Italian debt sold, China hits equities

LONDON (Reuters) - Italy’s sale of 6.2 billion euros in bonds on Thursday eased investors’ immediate concerns about its funding in the euro zone debt crisis, but stock markets were hit by weaker Chinese trade data.

European shares fell 0.9 percent after recent gains and Wall Street looked set to open lower following data showing China’s trade surplus narrowed for a second straight month in September, with both imports and exports lower than expected.

It reflected global economic weakness, which along with the euro zone debt crisis has kept investors avoiding aggressive risk taking over the past months.

In Europe, there appeared some traction to the idea that policymakers were working on a cogent plan to solve the debt crisis, or at least reduce its threat.

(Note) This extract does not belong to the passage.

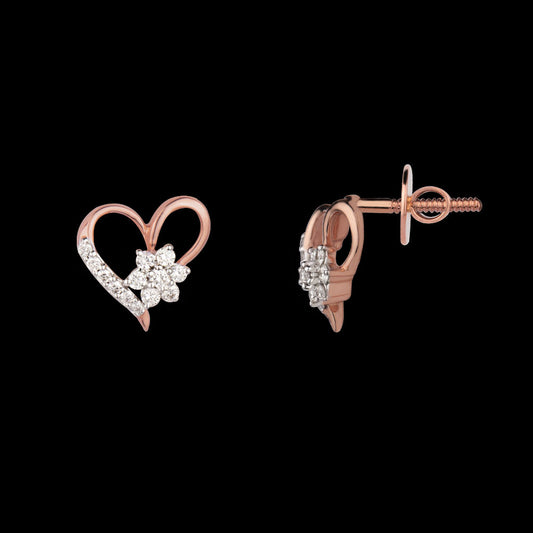 14K Rose Gold Diamond Earrings - 0.19ct SI-IJ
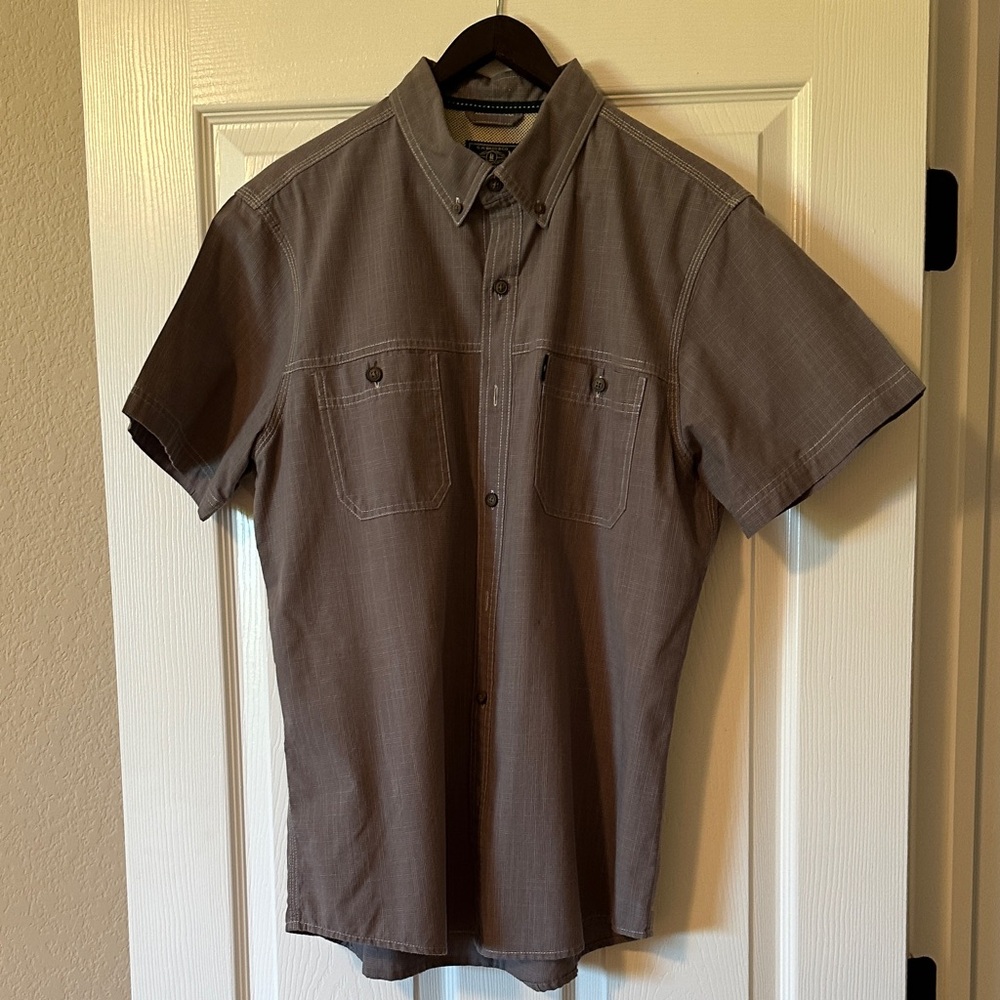 Classic Light Brown Button-Down Shirt for Men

Jose Manuel Barroso, president of the European Commission, outlined a broad plan on Wednesday to tackle the euro zone’s two-year debt crisis, fuelling optimism.

“Maybe the political decisions are finally coming through,” said Justin Urquhart Stewart, director at Seven Investment Management.

The sale of Italian bonds went relatively smoothly, although a lot of the buying may have been prompted by cheaper prices ahead of the sale.

Traders said the European Central Bank began buying Italian bonds focused around the 10-year sector shortly after the release of auction results.

Earlier 10-year yields rose to 5.87 percent, their highest since the central bank began purchasing Italian debt in August as part of an effort to cap the country’s rising cost of borrowing. The 10-year yield was last at 5.80 percent, 6 basis points higher on the day.


On stock markets, the FTSEurofirst 300 .FTEU3 fell but was still heading for its third straight week of gains, something it has not achieved since March/April.

World stocks as measured by MSCI .MIWD00000PUS were down a bit.

Earlier, Japan’s Nikkei .N225 rose nearly 1 percent, catching up with U.S. and European gains from Wednesday.

The euro fell broadly, pulling back from a one-month high versus the dollar after the European Central Bank warned about the impact on the currency and the region’s banks of involving bondholders in euro zone bailouts.

The euro hit a session low of $1.3711 after an article in the ECB’s monthly report said forcing private bondholders to accept losses on euro zone sovereign debt could damage the euro’s reputation, prompting traders to take profits on a rally which has been built on investors backing off bets for further euro weakness rather than betting on future gains.

The euro had rallied earlier in the week, climbing to $1.3834 on Wednesday after German Chancellor Angela Merkel and French President Nicolas Sarkozy late last week said they would announce a plan to solve the euro zone debt crisis by the end of the month.